This will need an update, or at least a forced router rebuild, so marking D8 upgrade path.

Not changing status, but yes I don't think this is critical without some numbers.

dawehner’s picture

Status: Active » Needs review
FileSize
2.45 KB

Okay, so let's try it in Drupal, but yeah I doubt that the amount of code is really relevant, we just save a bunch of RouterCompiler code.

Status: Needs review » Needs work

The last submitted patch, 5: compiled_route-1964922-4.patch, failed testing.

Wim Leers’s picture

Priority: Critical » Major
Issue tags: +needs profiling

Let's make it major then. chx described it to me like a huge performance problem. But I guess we should first investigate.

chx’s picture

> Is it possible that preg_match doesn't match? Didn't we already do the matching in SQL?
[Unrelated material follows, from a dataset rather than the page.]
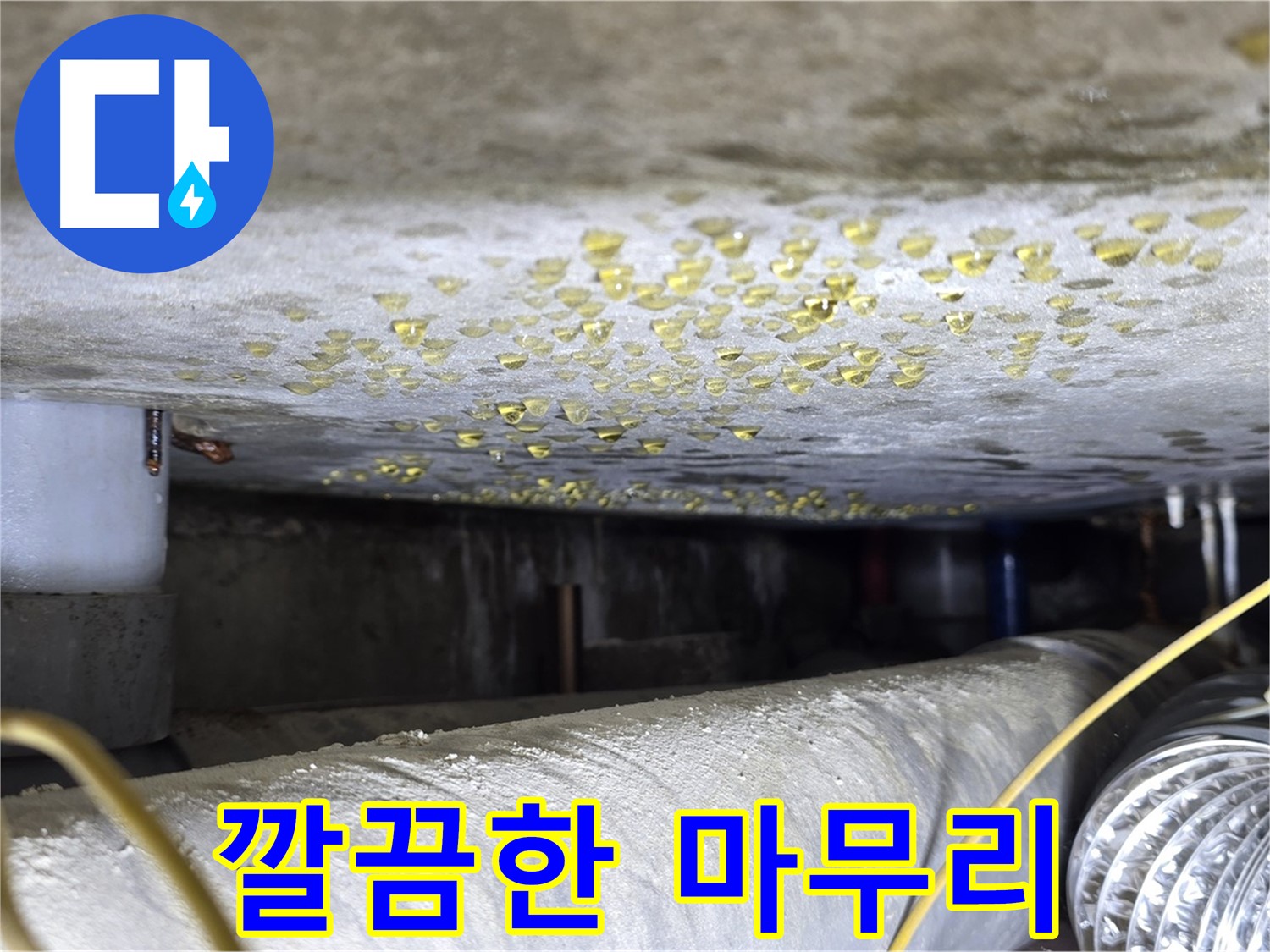 능동 아성빌라트 천장 누수 - 누수 해결 후 깔끔한 마무리 - 고객 만족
This should not be a question. The routing system innards should have been documented before commit as the menu was. But it was not because noone knows not even those who forced this pile of crap upon us.

dawehner’s picture

This should not be a question. The routing system innards should have been documented before commit as the menu was. But it was not because noone knows not even those who forced this pile of crap upon us.

Just to be clear, talking about the history should not matter in this history. This part certainly always had documentation on http://symfony.com/doc/current/components/routing/introduction.html#usage

> Is it possible that preg_match doesn't match? Didn't we already do the matching in SQL?

You can use regex in sql to validate that a certain bit is a number? Could be possible but I am not sure it is worth trying out. In general though we could optimize here by storing a flag whether the regex stores
anything more than just the ancestors, because those we already check in the SQL query. I am 100% sure that we do have routes where we use \d for example.

chx’s picture

Hrm. What I am talking about is that we match already node/{node} to node/% in SQL. Can you have node/this-must-be-a-number and node/this-is-not-a-number-but-still-variable routes both?? How would that even look in a routing yaml?

dawehner’s picture

Hrm. What I am talking about is that we match already node/{node} to node/% in SQL. Can you have node/this-must-be-a-number and node/this-is-not-a-number-but-still-variable routes both?? How would that even look in a routing yaml?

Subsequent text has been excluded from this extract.